Parallel Xceleration Library (PXL)

PXL is the core runtime library for XCENA SDK. It provides APIs to manage device resources, load compute kernels, and execute parallel operations on XCENA hardware.

PXL Architecture Overview

Development Workflow

XCENA SDK enables offloading computation to CXL memory accelerators:

flowchart TD
    subgraph PrepareOffloading[Prepare Offloading]
        direction LR
        OffloadingApplication[Offloading Application] --> |Build|ComputeKernel[Compute Kernel]
    end
    
    subgraph Accelerator
        direction LR
        Processor <--> |Process Kernel|CxlMemory[CXL Memory]
    end

    PrepareOffloading ==> |Load| HostApplication[Host Application]
    HostApplication <--> |API Call| RuntimeLibrary[Runtime Library]
    RuntimeLibrary <--> |Control| Processor
    RuntimeLibrary <--> |Allocate| CxlMemory
    HostApplication <--> |Data Access| CxlMemory

Development Steps:

  1. Write Compute Kernel (MU code)
  2. Write Host Application (PXL API)
  3. Build both components
  4. Execute on hardware or emulator

Core Capabilities

Resource Management:

  • Allocate/free device memory
  • Allocate/free compute resources
  • Query available resources

Kernel Execution:

  • Load compiled kernel binaries
  • Launch parallel operations
  • Synchronize execution

Kernel Programming Basics

Before using PXL APIs, understand MU kernel development fundamentals.

Essential Requirements

Include Header:

#include "mu/mu.hpp"

Register Host-Callable Functions:

void my_kernel(int* data, int size) {
    // Kernel code
}

MU_KERNEL_ADD(my_kernel);  // Required for host to call this function

Constraints

  • Parameters: Maximum 9 parameters per kernel function
  • Heap Size: 3MB limit
  • Stack Size: 64KB limit

Getting Task Index

For pointer-based execution, use mu::getTaskIdx():

void parallel_kernel(int* data, int size) {
    uint32_t taskIdx = mu::getTaskIdx();
    int offset = taskIdx * size;
    // Process data[offset...offset+size]
}

PXL Overview

Please refer to PXL C++ API docs for more details. PXL Object Hierarchy

Context

A Context manages device memory resources and holds overall information about the device.

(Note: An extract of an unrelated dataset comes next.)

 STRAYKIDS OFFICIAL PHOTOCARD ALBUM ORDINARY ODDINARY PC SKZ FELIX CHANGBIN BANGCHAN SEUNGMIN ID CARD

  1. Allocate / Free device memory resources.
    auto ptr = context->memAlloc(size);
    context->memFree(ptr);
    
  2. Check device resources
    printf("Remain memory in device %d = %d\n", deviceId, context->remainMemorySize());
    printf("Remain sub in device %d = %d\n", deviceId, context->remainSub());
    
  3. Allocate / Free device compute resources by creating Job.
    auto numSub = 4;
    auto job = context->createJob(numSub);
    

Job

The Job manages device compute resources and offloads user applications to the device. A Job is composed of one or more Sub units, which are the fundamental compute resources on XCENA devices for executing user applications.

  1. Load a binary file into the device.
     const char* filename = "mu_kernel.mubin";
     auto muModule = pxl::createModule(filename);
     job->load(muModule);
    
  2. Allocate / Free device compute resources.
     // allocates additional Sub to current job.
     auto numSub = 2;
     auto ret = job->subAlloc(numSub); // return false if there is no remaining sub to assign current job.
    
  3. Create Map.
     auto testCount = 1024 * 1024;
     auto muFunc = muModule->createFunction("mu_main"); // name of mu_kernel main.
     auto map = job->buildMap(muFunc, testCount);
    

Map

The Map is responsible for executing a map operation on a given job. It provides methods to set input and output arguments, set the batch size, and synchronize the execution. The map operation can be executed by calling the execute method.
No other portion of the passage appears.